Por outro lado, o despacho sobre as orientações para a gestão curricular no 1º ciclo do ensino básico determina tempos mínimos de leccionação por disciplina e por áreas, o que induziu as direcções dos agrupamentos de escolas a proporem aos professores o preenchimento das respectivas fichas de distribuição dos horários de docência das disciplinas, como se se tratasse de uma prática liceal corrente.
Tal obstinação disciplinar conduziu, por exemplo, o Secretário de Estado, certamente por distracção, a determinar que à Língua Portuguesa se dediquem oito horas lectivas de trabalho semanal, incluindo uma hora diária para leitura. Feitas as contas, para além das cinco horas semanais de leitura obrigatória, restarão apenas três horas para, em toda a semana, o professor realizar com os alunos o muito trabalho que envolve todo o processo de iniciação formal ao uso escrito da língua com as crianças dos cinco aos sete anos que frequentam os primeiros anos de escolaridade. Trata-se de uma determinação desinformada, de graves consequências, que desautoriza o poder político.

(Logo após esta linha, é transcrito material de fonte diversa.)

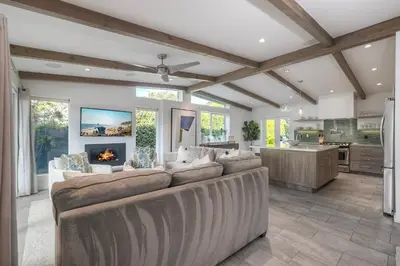 a living room with a couch and a fireplace at Luxury 3-Bed Beach Cottage with Hot Tub, Fire Pit, BBQ - Walk To Beach in Cardiff-by-the-Sea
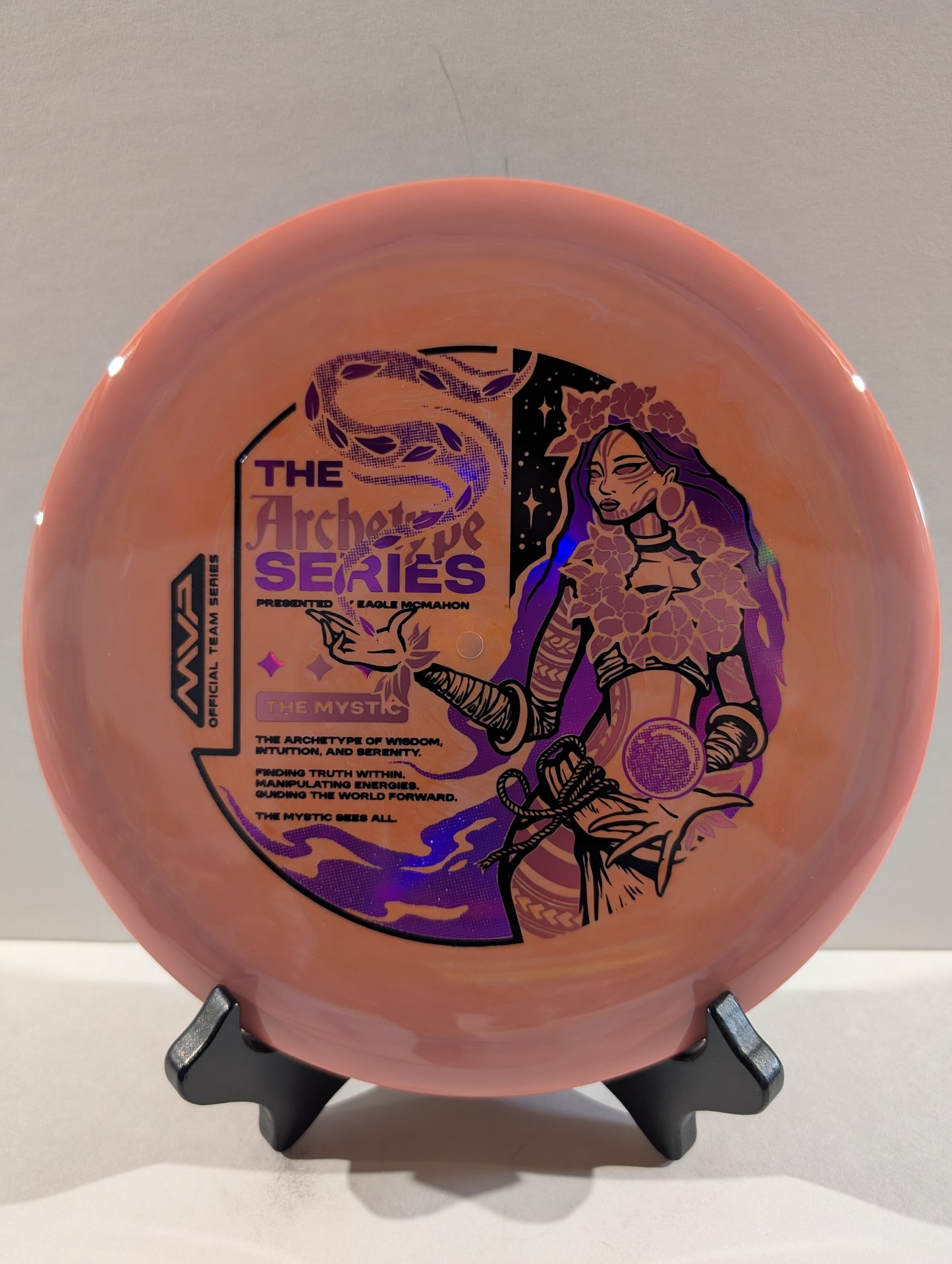 Pink disc with black and purple graphics on a stand against a gray background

Com efeito, quando o caminho das políticas educativas, no domínio do currículo e da formação de professores (como é o caso também dos novos padrões de formação estipulados para a reforma dos cursos de formação inicial de professores), passa a convergir com as opções veiculadas por ideólogos neo-conservadores que exibem com alarde as suas crenças educativas nos meios de comunicação, adensa-se mais a inquietação de muitos profissionais de educação, especialmente os da educação pré-escolar e do 1º ciclo do ensino básico, pela balcanização disciplinar que se agiganta, com todas as consequências culturais e políticas que revela.